▶ **Problem requirements**:
For the entries that follow, produce an exact copy with no pictures in it.

▶ **Material supplied**:
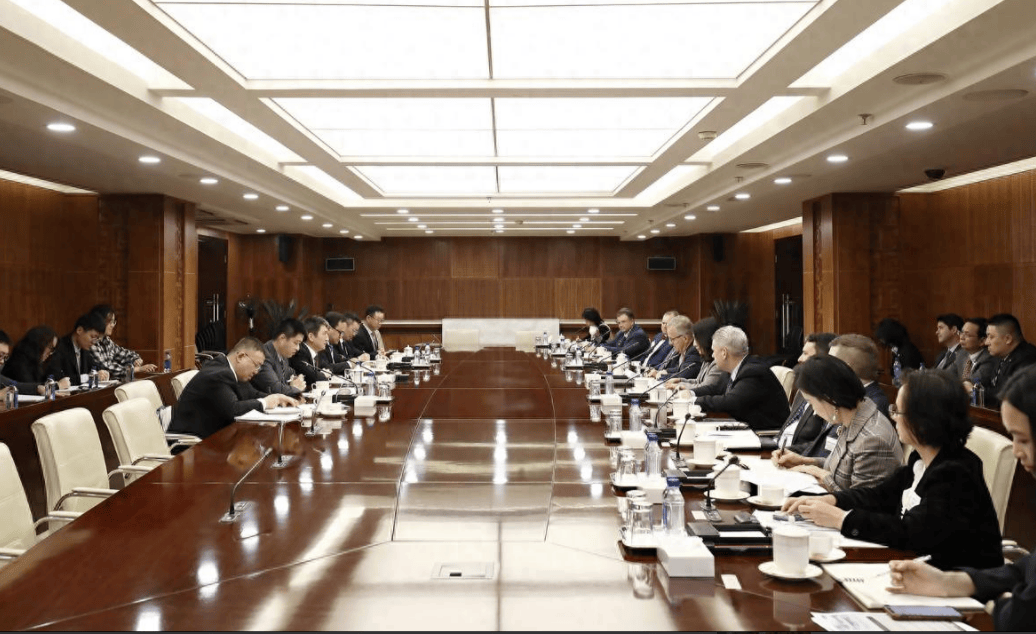 美方代表团来到北京，跟李成钢部长直接对上线，说起话来客客气气的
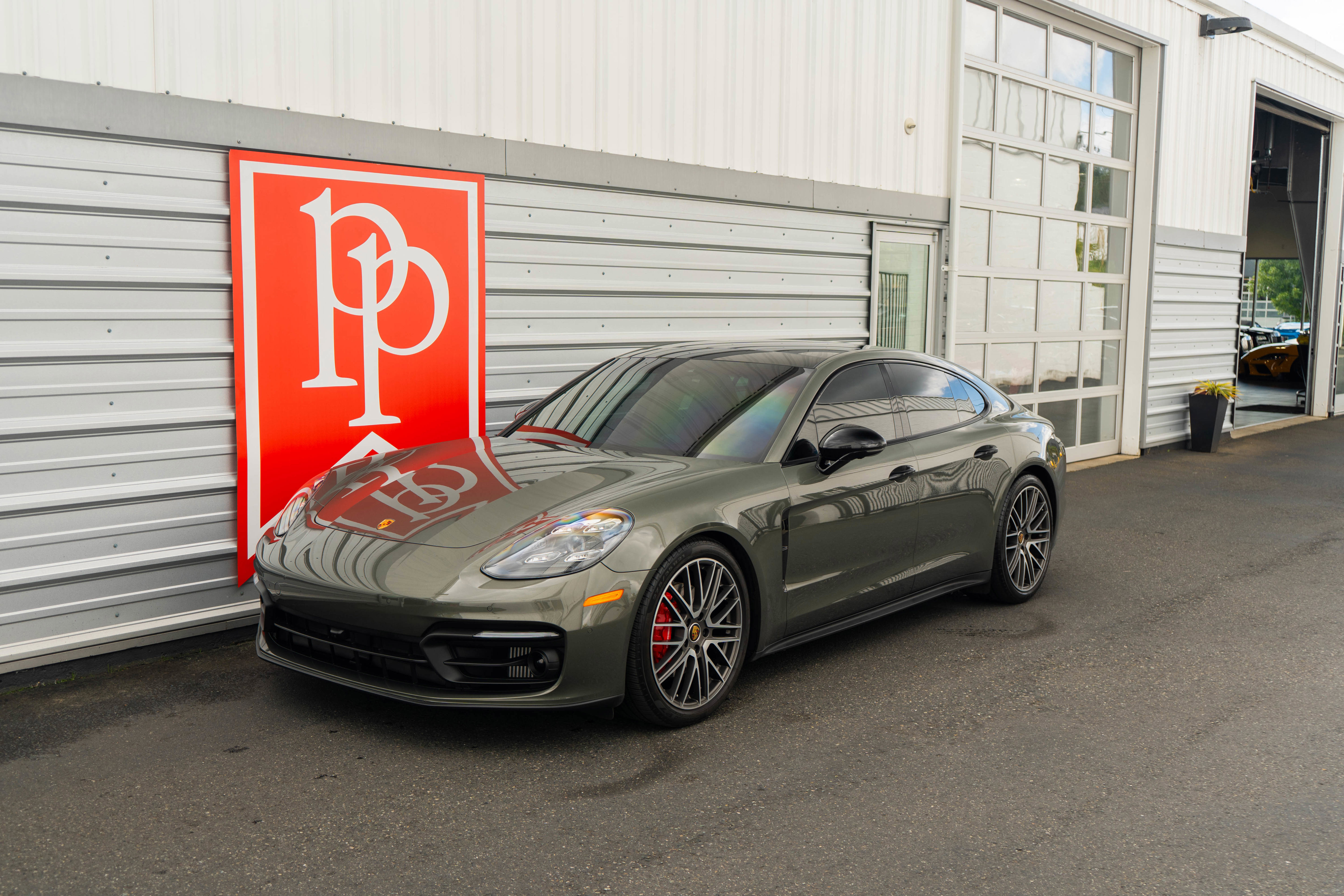 Used 2022 Porsche Panamera 4S AWD/4WD image 37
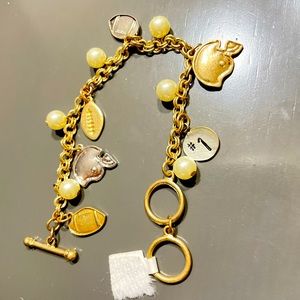 🏆 Football bangle, charms bracelet, gold color, pearl type charm’s.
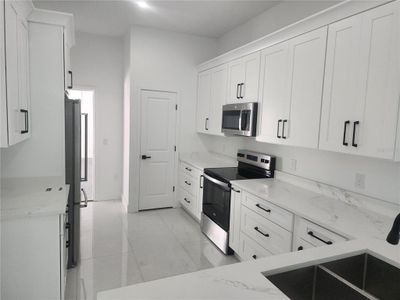 New construction Single-Family house 21 N Hampton Ave, Unit Lot 2, Orlando, FL 32803 null- photo 11 11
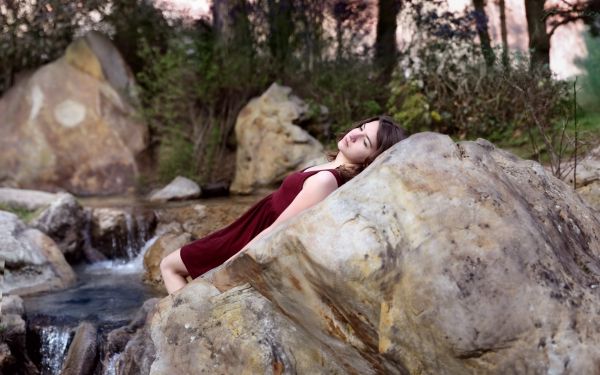 rock,rock climbing,brunette,stones,dress,dreamy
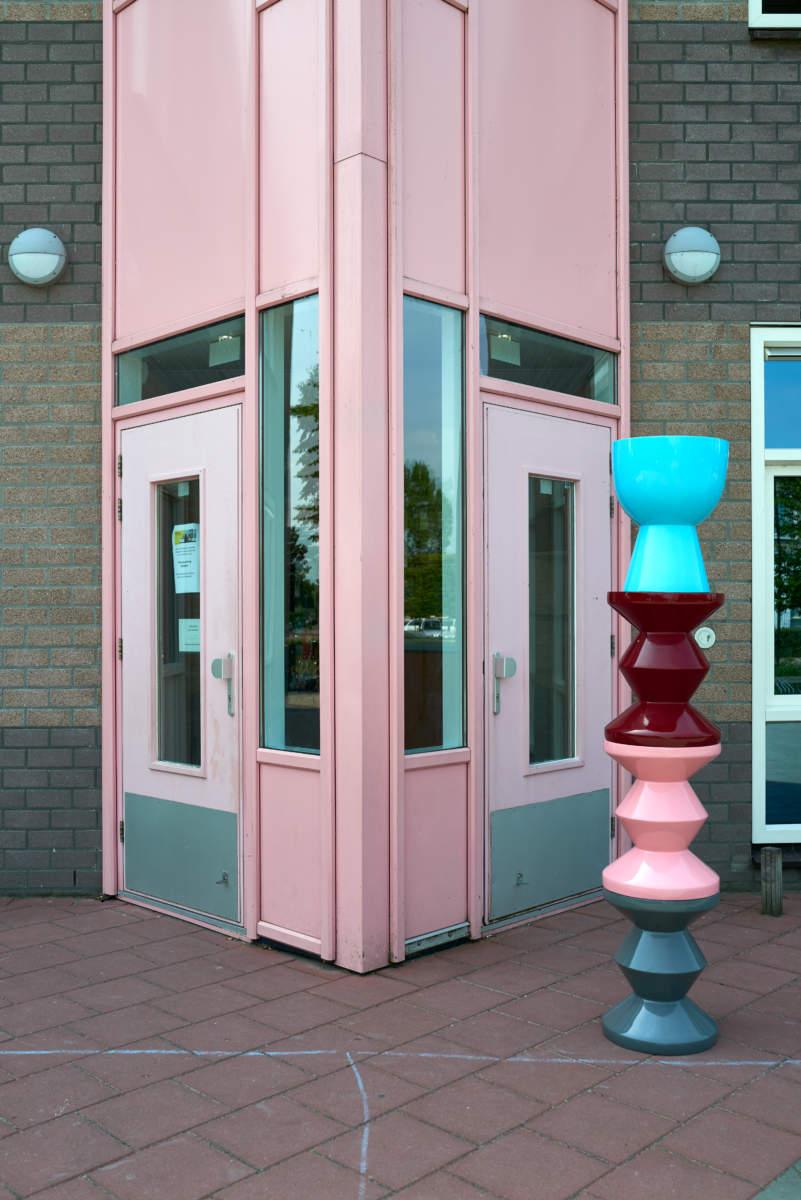 Stołek ZIG ZAG jasnoróżowy Pols Potten Eye on Design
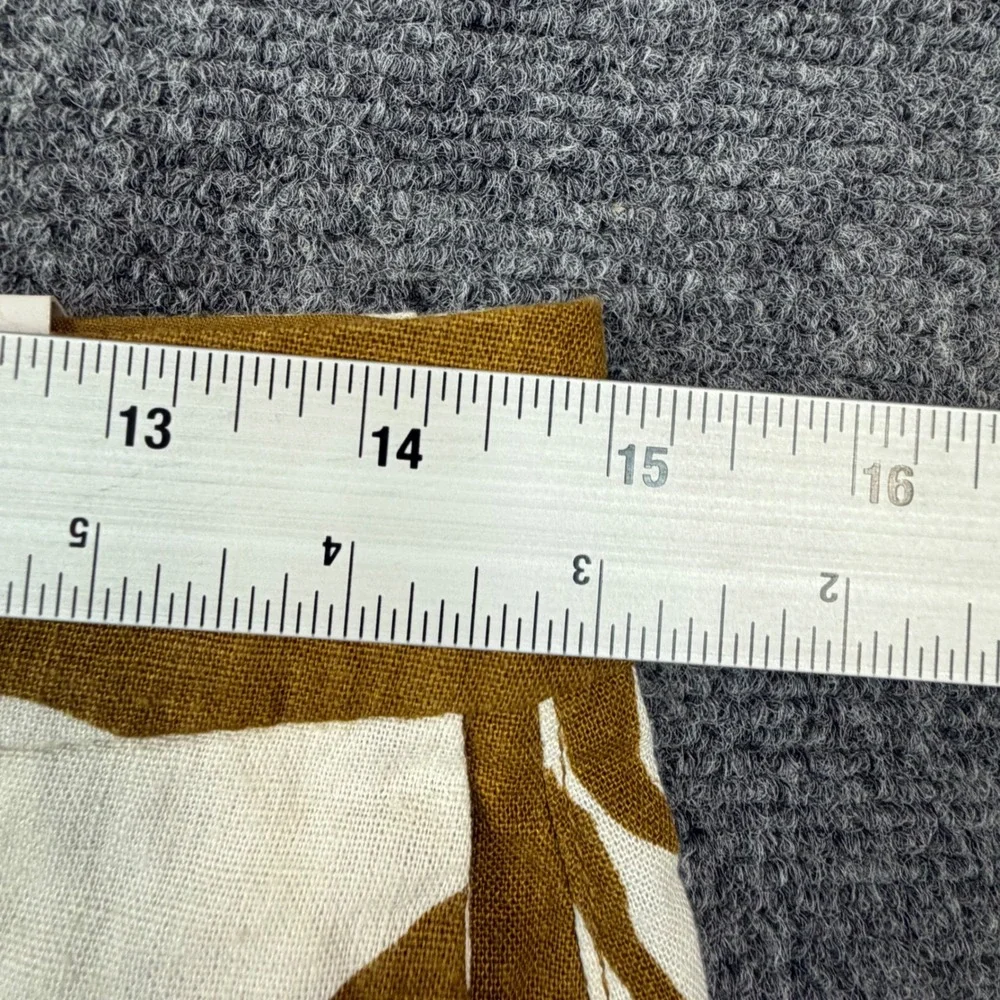 Old Navy Everyday Short Womens 2 Mustard Yellow White Tropical Leaf Print 5 Inch
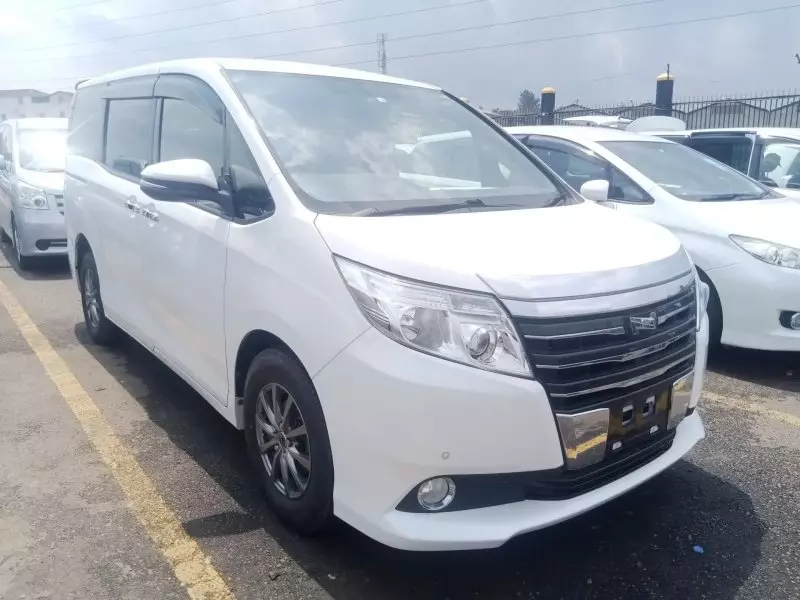 Toyota Noah - 2014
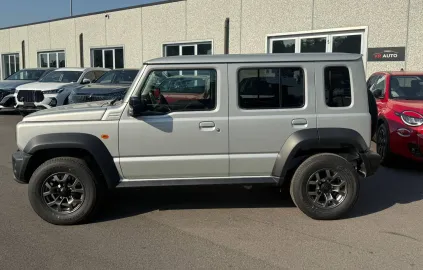 Car image 3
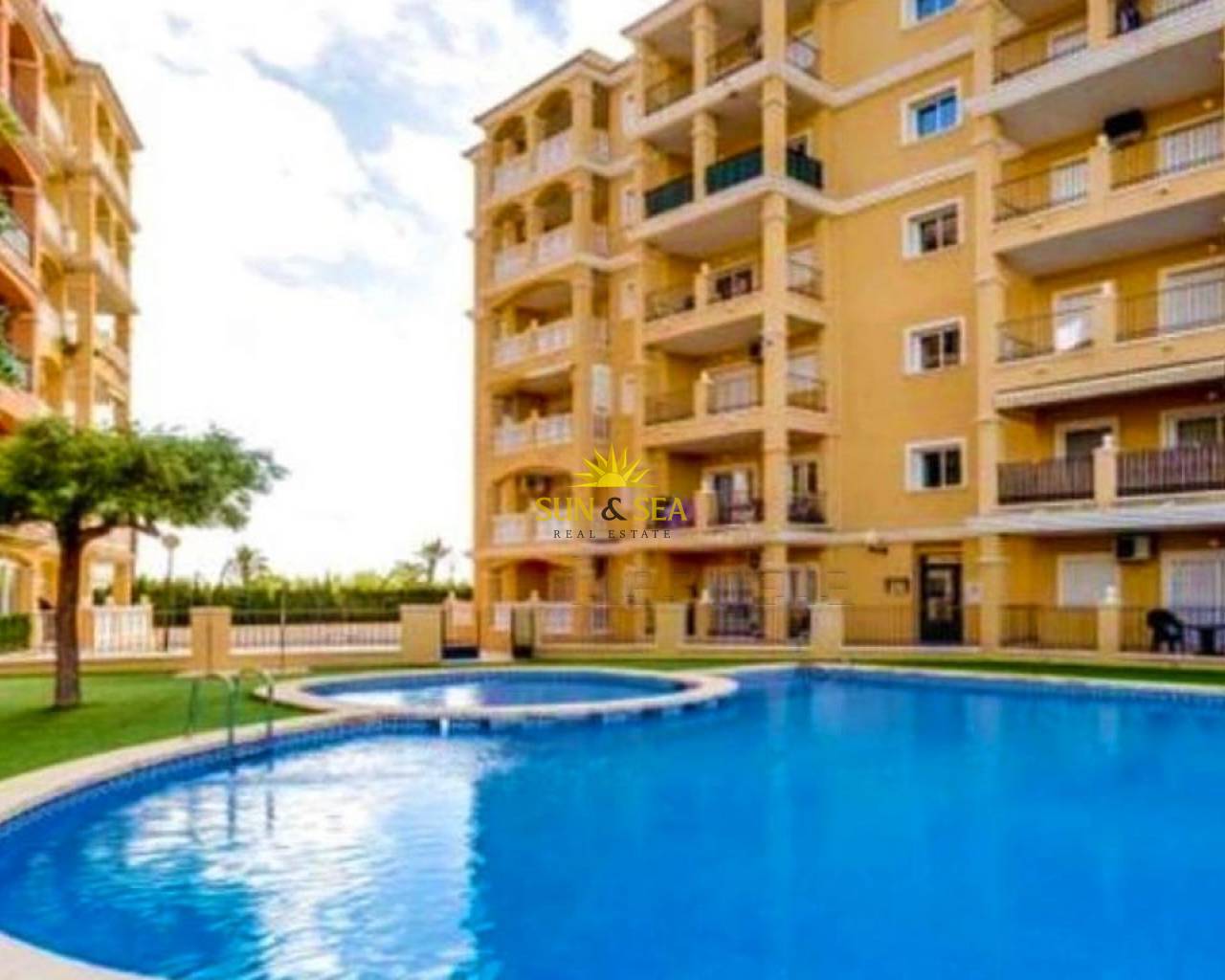 Apartamento - Alquiler a largo plazo - Torrevieja - Nueva Torrevieja - Aguas Nuevas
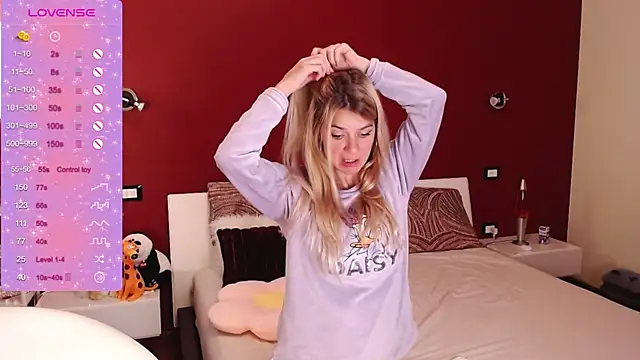 sexy blondegirl online show from 3, 12, 2024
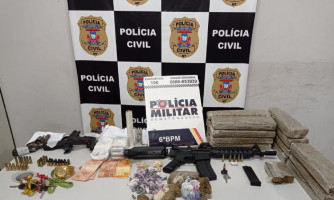 Operação integrada prende 12 em flagrante e apreende armas e drogas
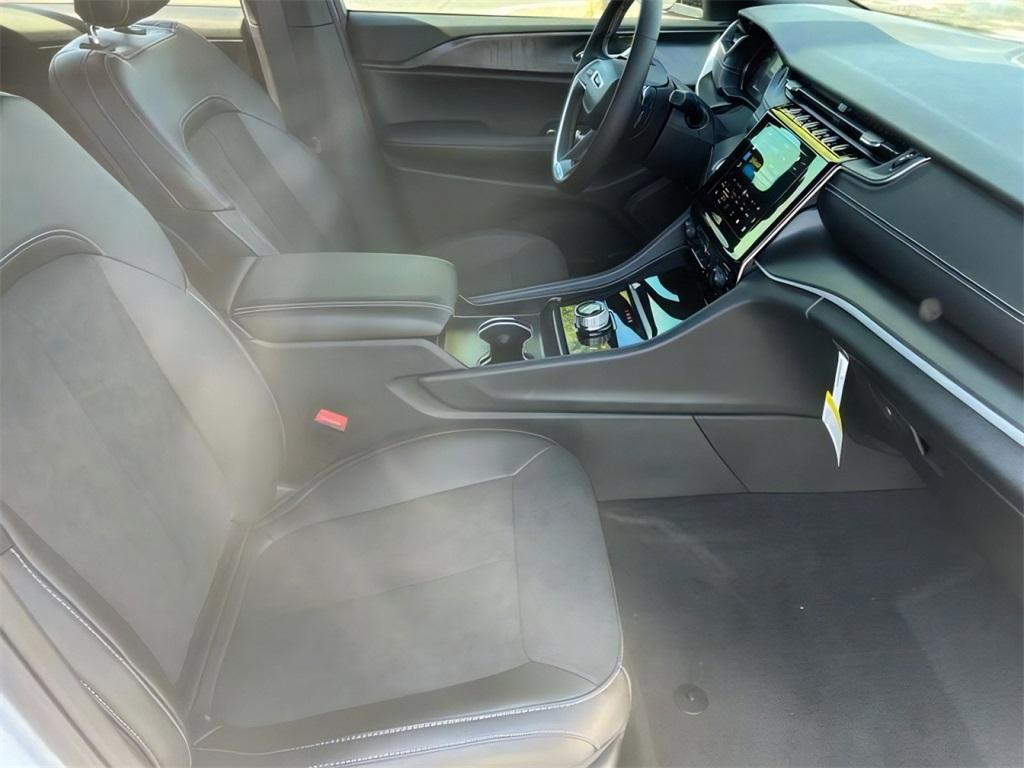 new 2025 Jeep Grand Cherokee car, priced at $39,957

▶ **Problem solution**:
 美方代表团来到北京，跟李成钢部长直接对上线，说起话来客客气气的
 Used 2022 Porsche Panamera 4S AWD/4WD image 37
 🏆 Football bangle, charms bracelet, gold color, pearl type charm’s.
 New construction Single-Family house 21 N Hampton Ave, Unit Lot 2, Orlando, FL 32803 null- photo 11 11
 rock,rock climbing,brunette,stones,dress,dreamy
 Stołek ZIG ZAG jasnoróżowy Pols Potten Eye on Design
 Old Navy Everyday Short Womens 2 Mustard Yellow White Tropical Leaf Print 5 Inch
 Toyota Noah - 2014
 Car image 3
 Apartamento - Alquiler a largo plazo - Torrevieja - Nueva Torrevieja - Aguas Nuevas
 sexy blondegirl online show from 3, 12, 2024
 Operação integrada prende 12 em flagrante e apreende armas e drogas
 new 2025 Jeep Grand Cherokee car, priced at $39,957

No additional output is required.